The lines below from the one with "Pelargonio blanco con ribete rosa" up to and including the one with "Live Mini Christmas Tree IV" are what you should set down, exactly and without pictures.

◆ **DATA RECORDS**:
━━━━━━━━━━━━━━━━━━━━
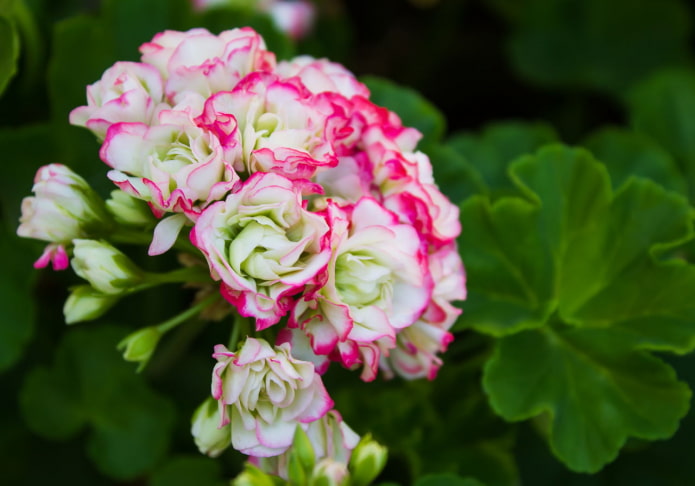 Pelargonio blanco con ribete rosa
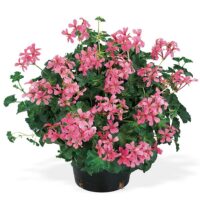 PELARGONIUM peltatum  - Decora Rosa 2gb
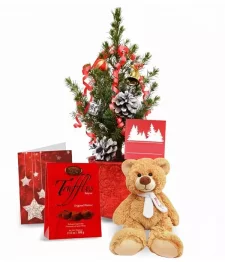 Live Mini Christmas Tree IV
━━━━━━━━━━━━━━━━━━━━
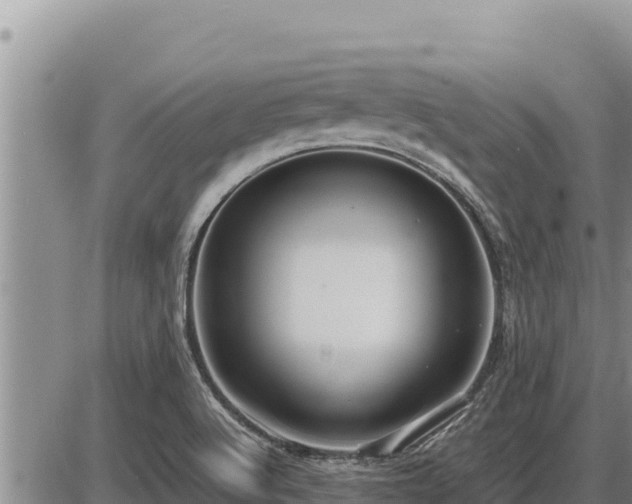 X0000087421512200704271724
━━━━━━━━━━━━━━━━━━━━
◆ **FINISHED EXERCISE**:
 Pelargonio blanco con ribete rosa
 PELARGONIUM peltatum  - Decora Rosa 2gb
 Live Mini Christmas Tree IV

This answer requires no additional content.